**Listed records**.

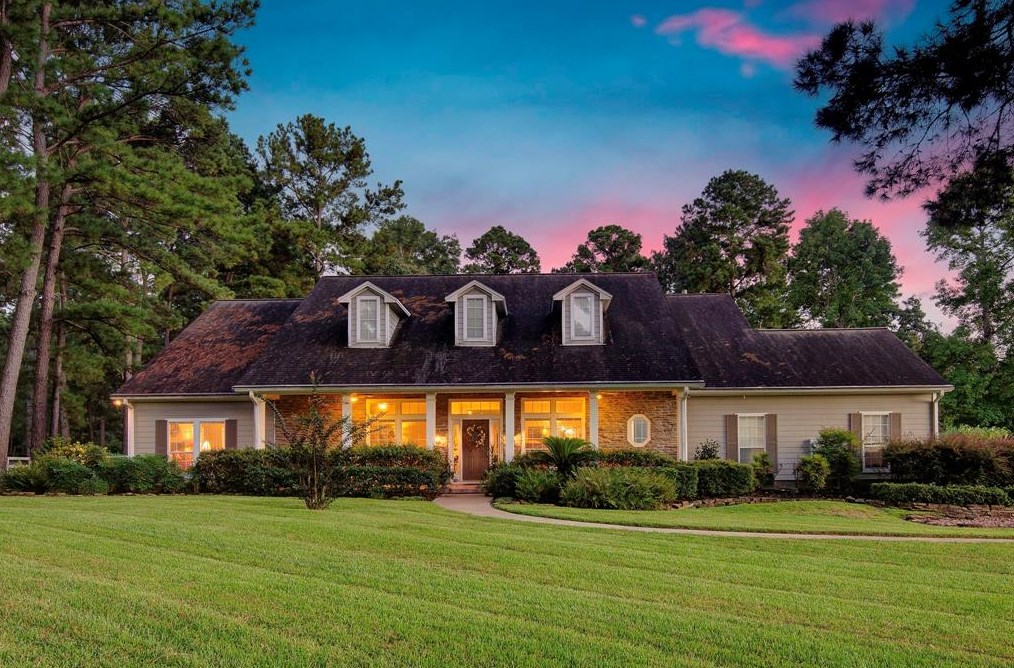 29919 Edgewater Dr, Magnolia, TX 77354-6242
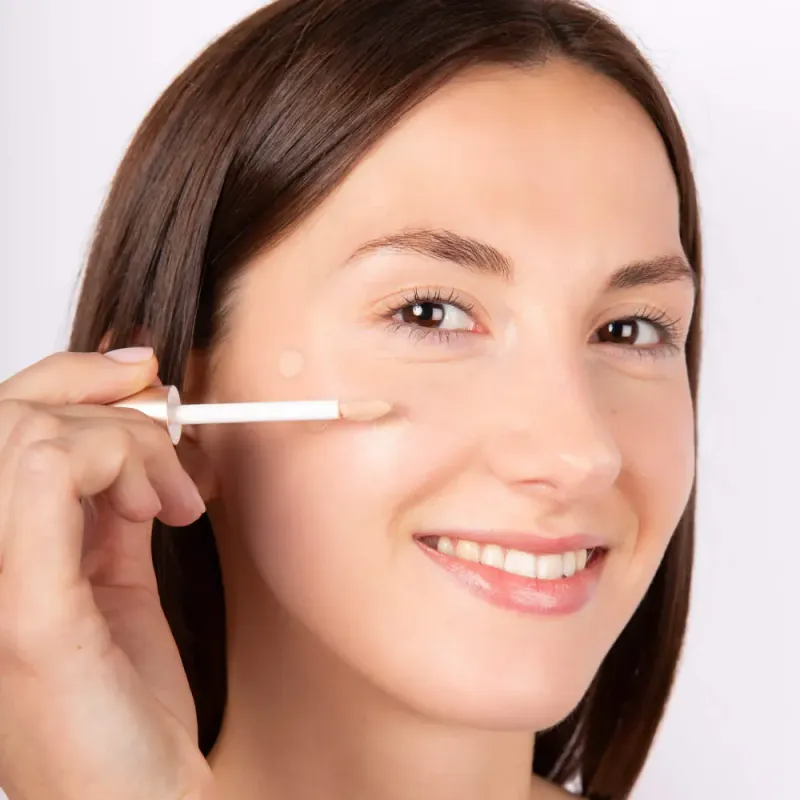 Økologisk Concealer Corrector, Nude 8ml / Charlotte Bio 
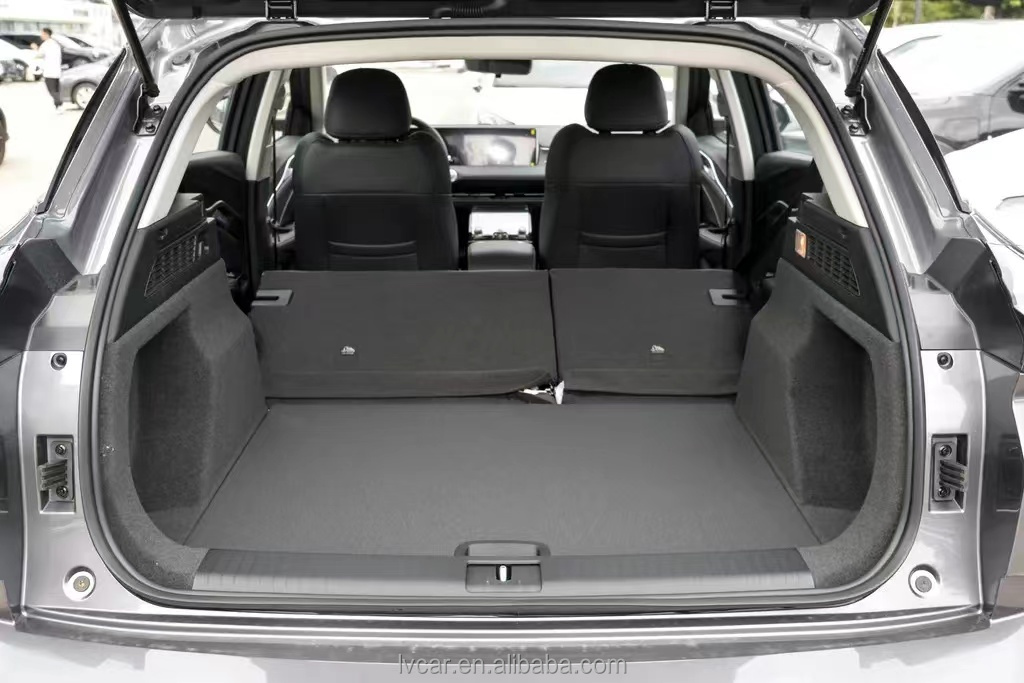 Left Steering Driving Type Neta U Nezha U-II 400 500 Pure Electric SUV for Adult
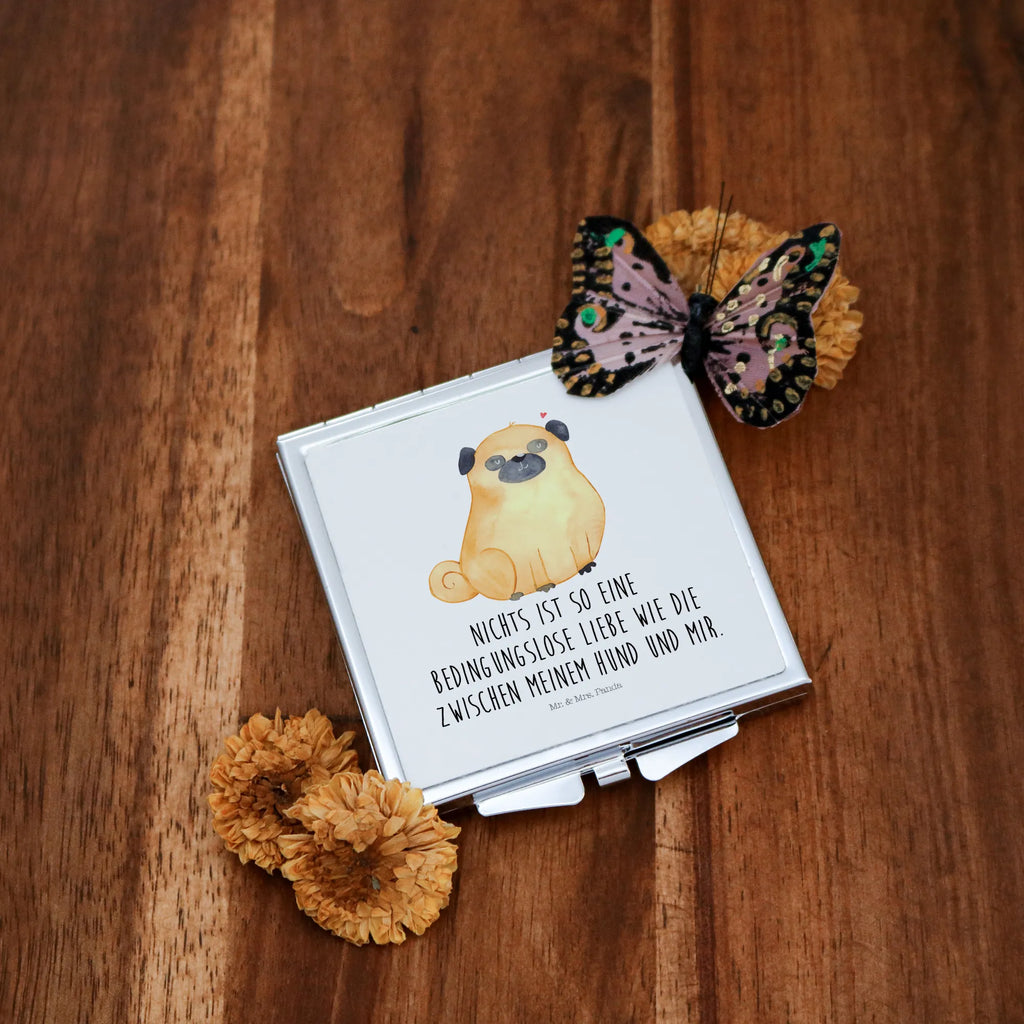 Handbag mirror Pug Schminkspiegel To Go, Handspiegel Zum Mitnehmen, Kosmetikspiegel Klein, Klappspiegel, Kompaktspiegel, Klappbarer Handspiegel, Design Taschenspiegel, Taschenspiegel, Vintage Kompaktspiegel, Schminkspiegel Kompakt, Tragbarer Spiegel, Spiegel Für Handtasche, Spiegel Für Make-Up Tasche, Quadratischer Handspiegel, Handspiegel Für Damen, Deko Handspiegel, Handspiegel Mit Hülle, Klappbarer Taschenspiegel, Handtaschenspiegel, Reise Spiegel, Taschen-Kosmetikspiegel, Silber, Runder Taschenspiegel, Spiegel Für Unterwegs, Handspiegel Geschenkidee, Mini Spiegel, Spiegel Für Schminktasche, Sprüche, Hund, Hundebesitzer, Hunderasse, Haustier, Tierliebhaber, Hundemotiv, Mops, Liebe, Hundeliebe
* * *
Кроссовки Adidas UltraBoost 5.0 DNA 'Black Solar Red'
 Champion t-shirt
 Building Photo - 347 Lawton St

**Instructions to follow**. Taking the entries above, copy word for word the lines from the one with "Økologisk Concealer Corrector, Nude" up to and including the one with "Left Steering Driving", without any picture.

**Result of the task**.
 Økologisk Concealer Corrector, Nude 8ml / Charlotte Bio 
 Left Steering Driving Type Neta U Nezha U-II 400 500 Pure Electric SUV for Adult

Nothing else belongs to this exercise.